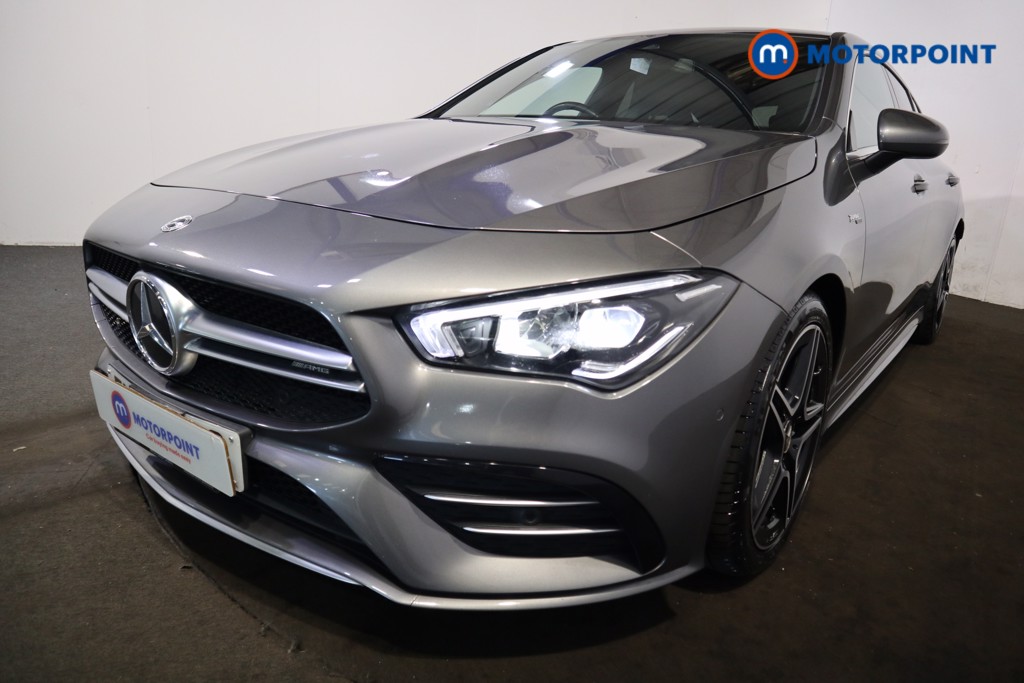 Mercedes-Benz CLA AMG Automatic Petrol Estate - Stock Number (1533903) - 29th supplementary image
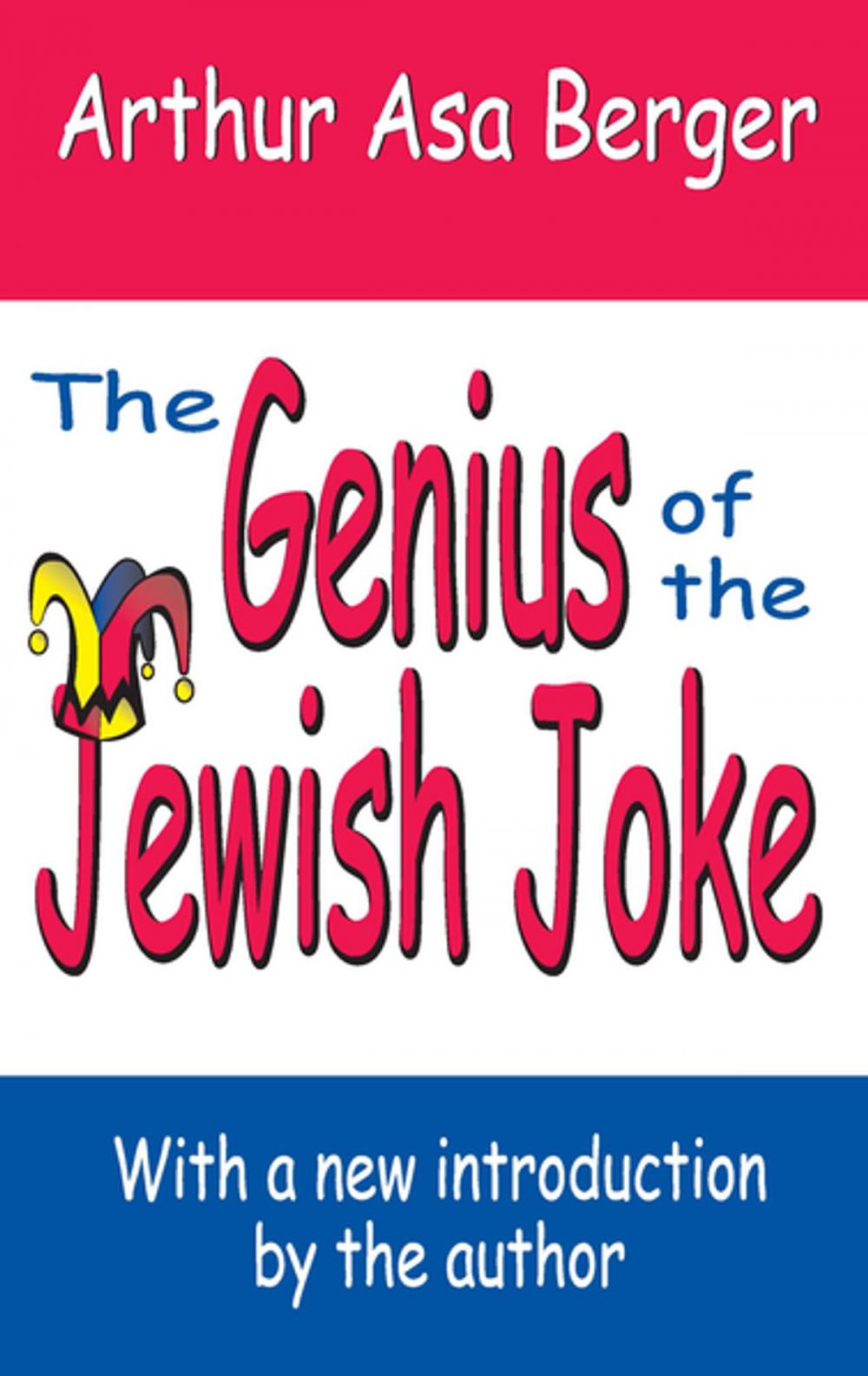 Big bigCover of The Genius of the Jewish Joke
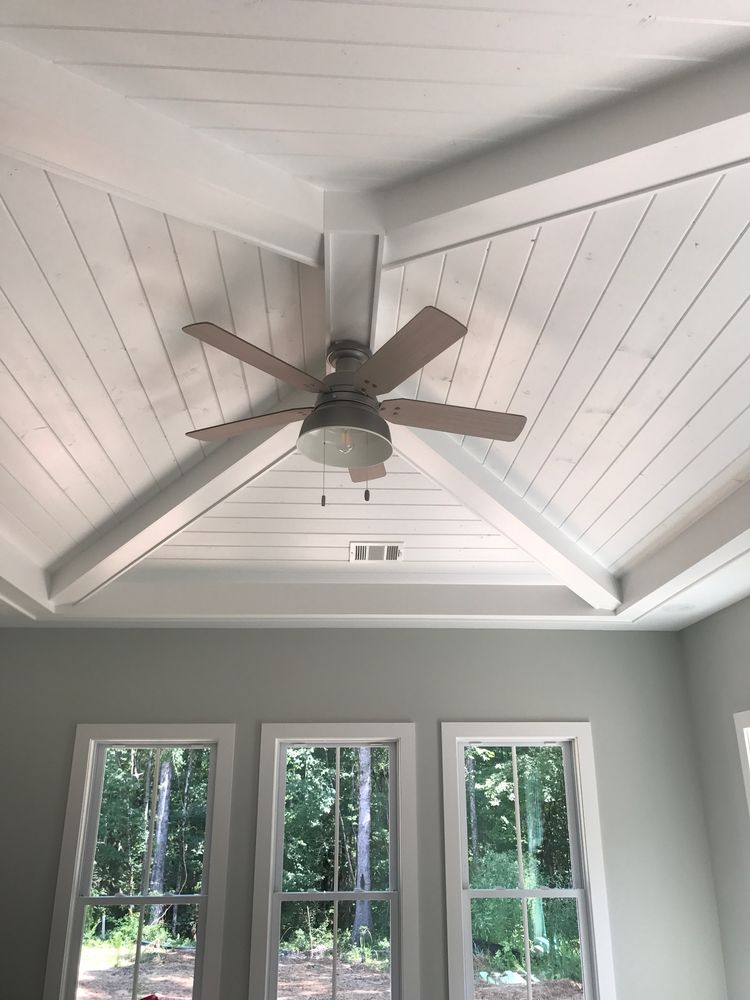 Pierce for Emfinger Custom Builders LLC in Pine Mountain, GA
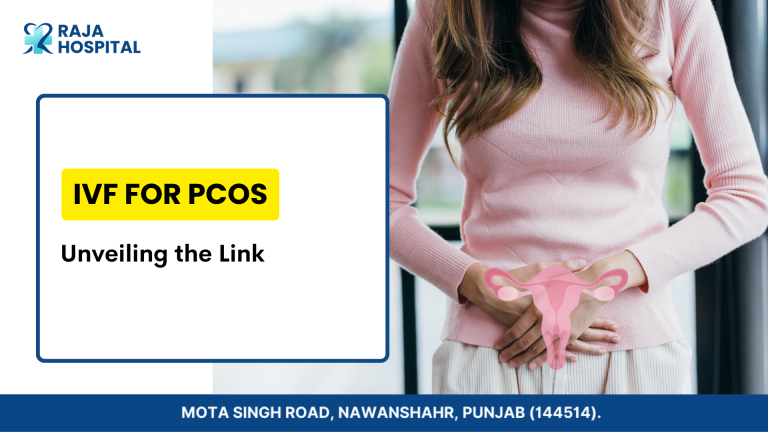 IVF for PCOS: Unveiling the Link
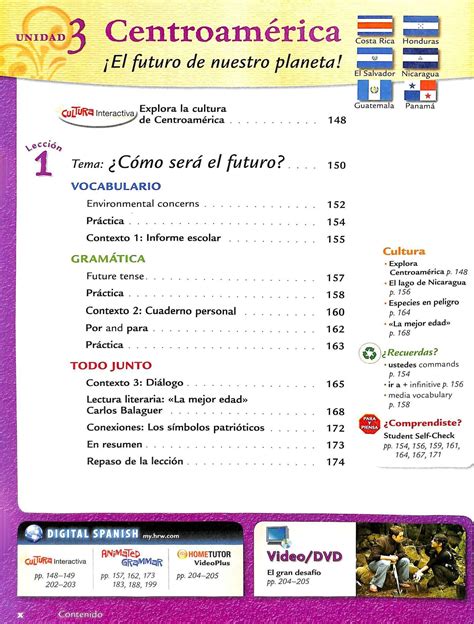 Avancemos 3 Workbook Page 151: A Comprehensive Guide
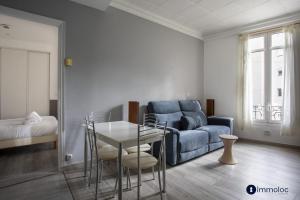 Apartment 10 minutes walk from Monaco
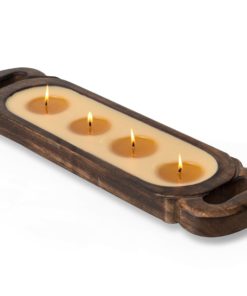 En Bois Candle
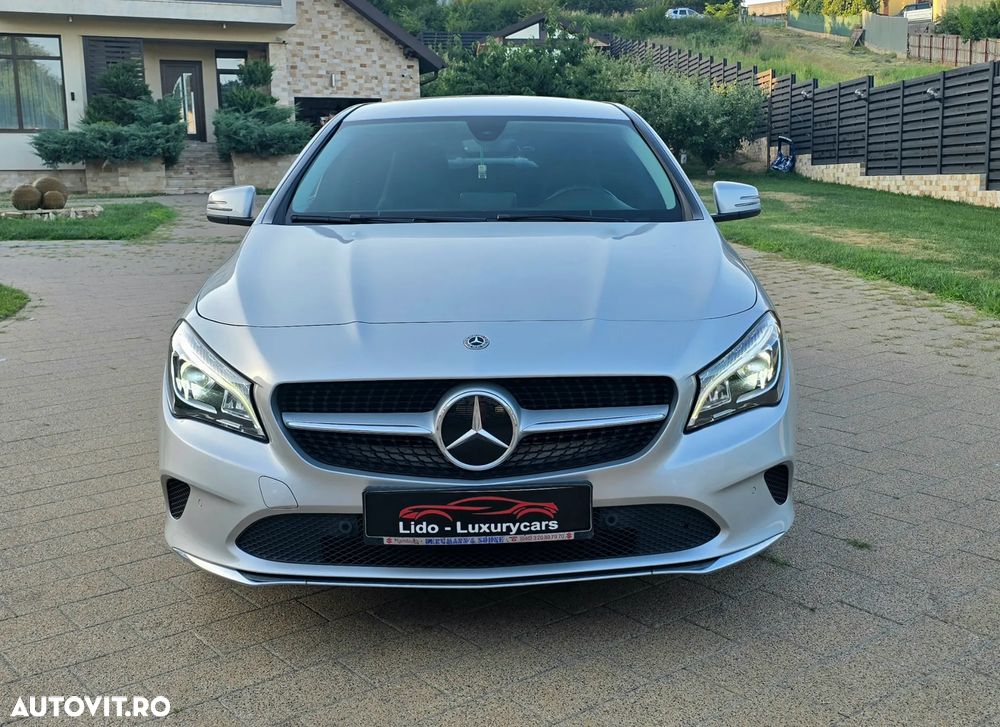 Mercedes-Benz CLA 220 d 7G-DCT AMG Line - 21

----------------------------------------

**TASK**
Output nothing but the lines from the line with "Apartment 10 minutes walk from Monaco" through the last line of the material above, please, word for word and without the pictures.

**EXERCISE RESPONSE**
 Apartment 10 minutes walk from Monaco
 En Bois Candle
 Mercedes-Benz CLA 220 d 7G-DCT AMG Line - 21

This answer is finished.